What Brought Spotify Down on April 16, 2025?
How a Small Config Change Crashed Spotify’s Global Traffic – and What They Learned
On April 16, Spotify faced a major global outage that left most users unable to stream their favorite music for a few hours. So, what happened behind the scenes?
The Heart of the Issue: Envoy Proxy Chaos
Spotify uses Envoy Proxy at the edge of their network to route user traffic smartly across their global infrastructure. To make Envoy even more powerful, Spotify adds custom filters—like one for rate limiting. But one small change in the filter order turned out to have massive consequences.
The Chain Reaction
A “low-risk” reordering of Envoy filters triggered a hidden bug in one of those custom filters, crashing every Envoy instance globally—except in Asia Pacific, where traffic was low due to the time of day.

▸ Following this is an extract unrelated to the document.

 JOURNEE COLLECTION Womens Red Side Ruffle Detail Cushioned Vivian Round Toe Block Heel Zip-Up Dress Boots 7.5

When these instances restarted, client-side retry logic kicked in, flooding the perimeter with traffic. But there was a misconfigured memory limit: Envoy's heap size was larger than what Kubernetes allowed. So, each instance kept crashing and restarting in an endless loop.
How They Fixed It
Spotify increased server capacity to reduce the memory pressure, which helped stabilize the perimeter and stop the crashing cycle.
Timeline Snapshot:
12:18 UTC: Filter change → Crash
12:20 UTC: Global traffic drops
14:20 UTC: Europe recovers
15:10 UTC: US recovers
15:40 UTC: Back to normal
What’s Next for Spotify?
Bug fix in the crashing filter
Fixed memory configuration
Smarter rollout process for config changes
Better monitoring to catch issues earlier
Takeaway:
Even small changes can trigger large-scale outages in complex distributed systems. Transparency like this from Spotify helps the whole tech community learn and improve.